Mira por donde, un día llegó al poder un rey que fundamentalmente sólo se preocupaba de ir acumulando riquezas y de situar a toda su corte en los puestos más favorecidos de la sociedad para que le ayudaran a mantenerse en el trono y, de camino, aumentasen sus riquezas como pago al sostenimiento de una dinastía que sabían los daños que estaba causando a los andaluces.

Mientras tanto, y así por más de treinta largos años, el reino fue perdiendo posiciones con respecto a los pueblos vecinos y la incultura y la pobreza campaban por sus fueros y hacían que los andaluces se fueran convirtiendo en unos seres de segunda fila sólo capaces de ser mano de obra barata para su clase dirigente o para sus pueblos vecinos. Los jóvenes andaluces vagaban por las calles en busca de las limosnas que recibían de sus soberanos esperando un día formar parte de la clase dirigente para cambiar sus vidas y alcanzar un futuro. Pero su comportamiento era igual de dócil que el de sus antepasados y nada hacía pensar en que cambiase.

Y conforme pasaba el tiempo se hacía más fuerte en los andaluces la idea de que no podían luchar contra la situación reinante y el atavismo les impulsaba a no mover un dedo para cambiar el sentido de la historia e incluso a mostrar cierto afecto hacia su soberano para no exponerse a su ira y sucumbir a las mayores de la vejaciones.
Cada cierto tiempo el rey convocaba a sus súbditos para que expresaran su opinión sobre su reinado y estos, ya por miedo, ya porque eran beneficiarios de la magnanimidad de su monarca, porque aspiraban a serlo o por su fatalismo histórico aprobaban la gestión de una corona que los hundía paso a paso en la más profunda de las ciénagas anulando su sentido del valor de su opinión y de la posibilidad que tenían de cambiar el devenir de la historia con la desaprobación de la forma de gobernar de su monarca.

El amiguismo, el nepotismo más evidente y el aprovechamiento de la incultura de gran parte de su pueblo hacía que el monarca se sintiese cada día más seguro de su fuerza y de que no dudara en mantener sus privilegios y los de aquellos que lo rodeaban aún a costa del sufrimiento y la desgracia del resto de sus vasallos.

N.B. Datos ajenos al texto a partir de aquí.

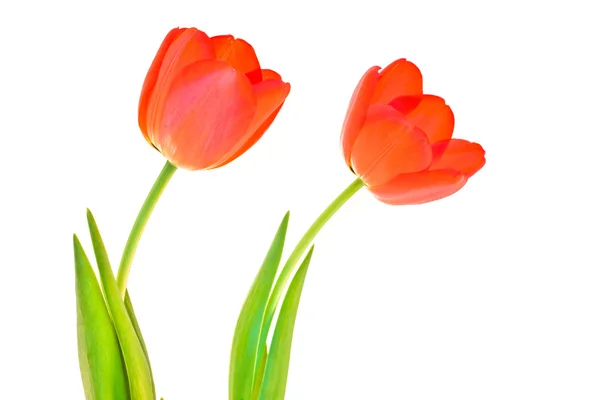 stock image Two isolated tulips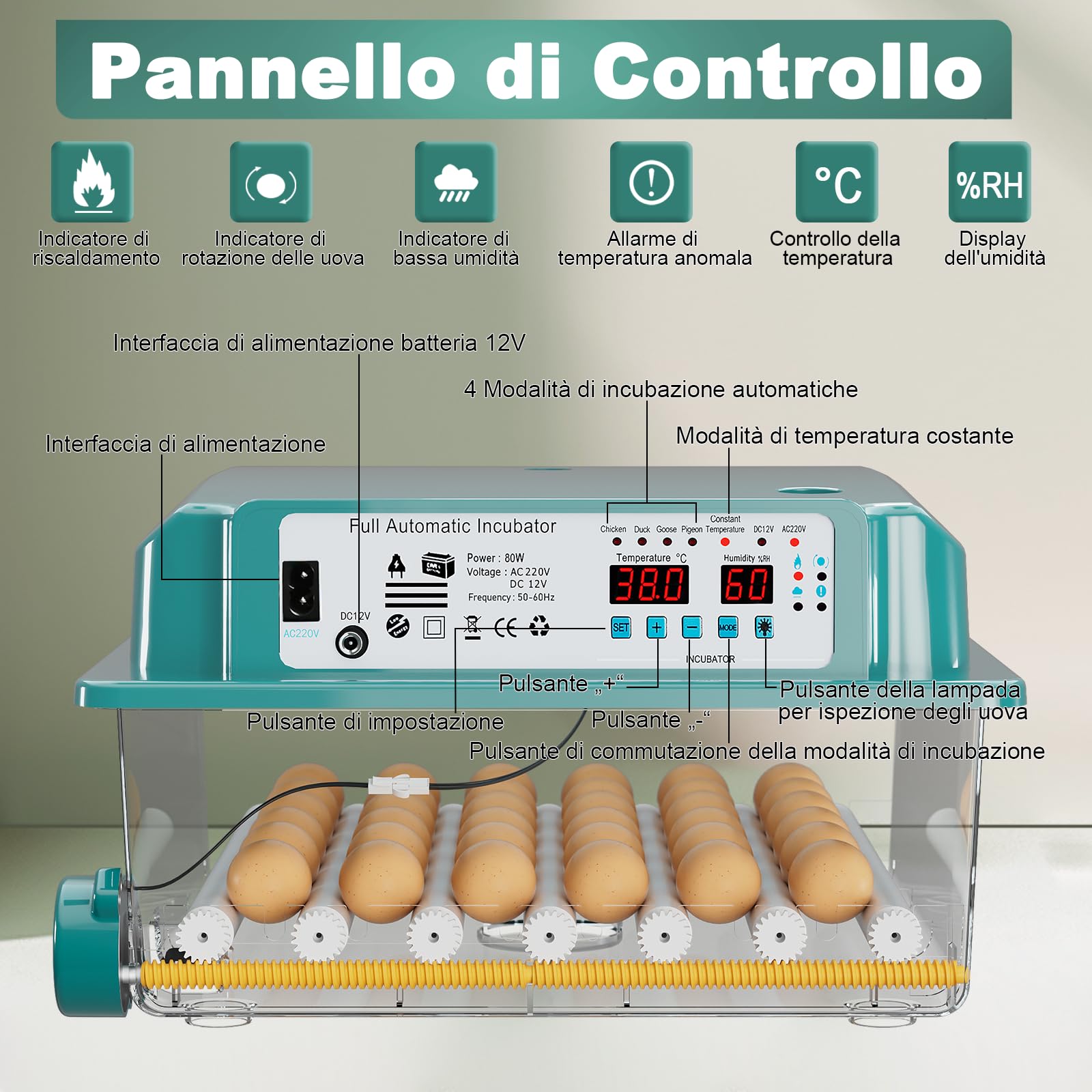CoInceptus Incubatrice per Uova Automatica, Incubatrice per 24-36 Uova con Rotazione Automatica delle Uova e Aggiunta Automatica dell'acqua, Incubatrice con 4 Modalità di Incubazione Automatiche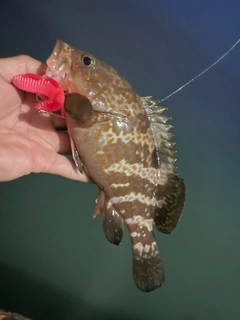 キジハタの釣果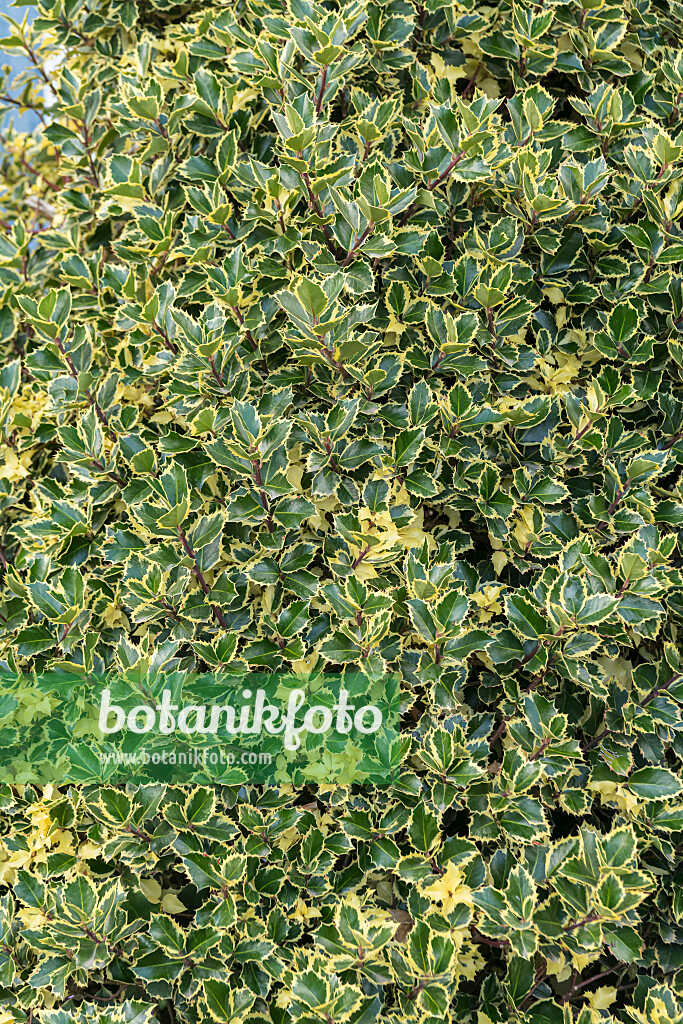 675174 - Gewöhnliche Stechpalme (Ilex aquifolium 'Argentea Marginata')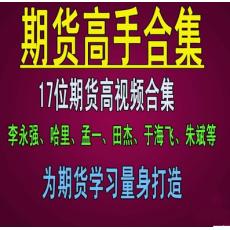 李永强、于海飞、哈里多位期货高手现场训练营培训（共17套）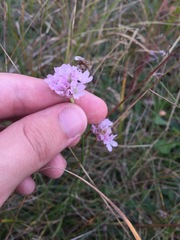 Armeria maritima elongata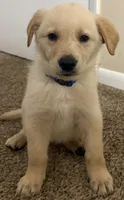 Blue Boy Puppy, a male German Shepherd Dog and Golden Retriever for sale in Tampa, FL – 1 of 1
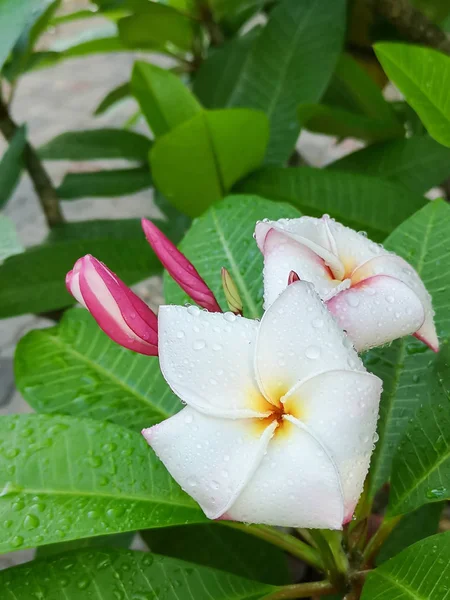 Las hermosas flores en la mañana . —  Fotos de Stock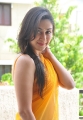 Manjari Phadnis Hot in Saree, Manjari Phadnis Latest Hot Photos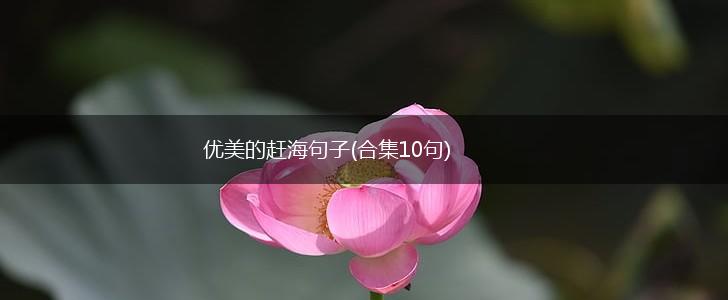 优美的赶海句子(合集10句),第1张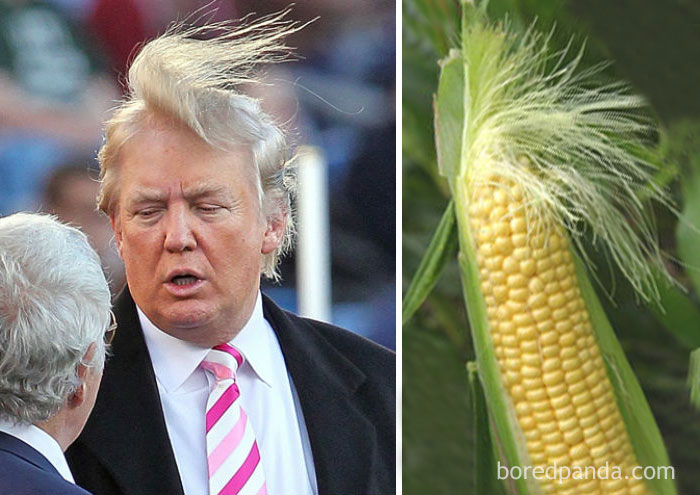 Donald Trump Or This Ear Of Corn?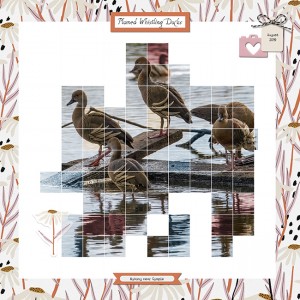 Plumed Whistling Ducks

Un bue n día resulta que heredó la corona una princesa que no había sido preparada para reinar y el pueblo llano quedó prendado de su persona aunque en los primeros tiempos de su reinado demostró que no iba a cambiar la situación heredada de sus antepasados. Como asesor y protector se hizo acompañar de un escudero que había luchado con gran esfuerzo por pertenecer a la corte y así poder tomar decisiones en el gobierno del reino. Entre ellos dos continuaban haciendo lo posible por no sacar a la luz los errores de otros cortesanos que se habían lucrado con el sudor del pueblo llano y que habían convertido al país andaluz en el centro de todas las críticas de los pueblos vecinos y de los pueblos más alejados. .

Y los plebeyos a lo suyo, llenar sus bolsillos los unos y vaciar sus estómagos los más. Pero, eso sí, manteniendo la sonrisa y esperando que el futuro fuese el que cambiase las cosas sin hacer nada por construir dicho futuro.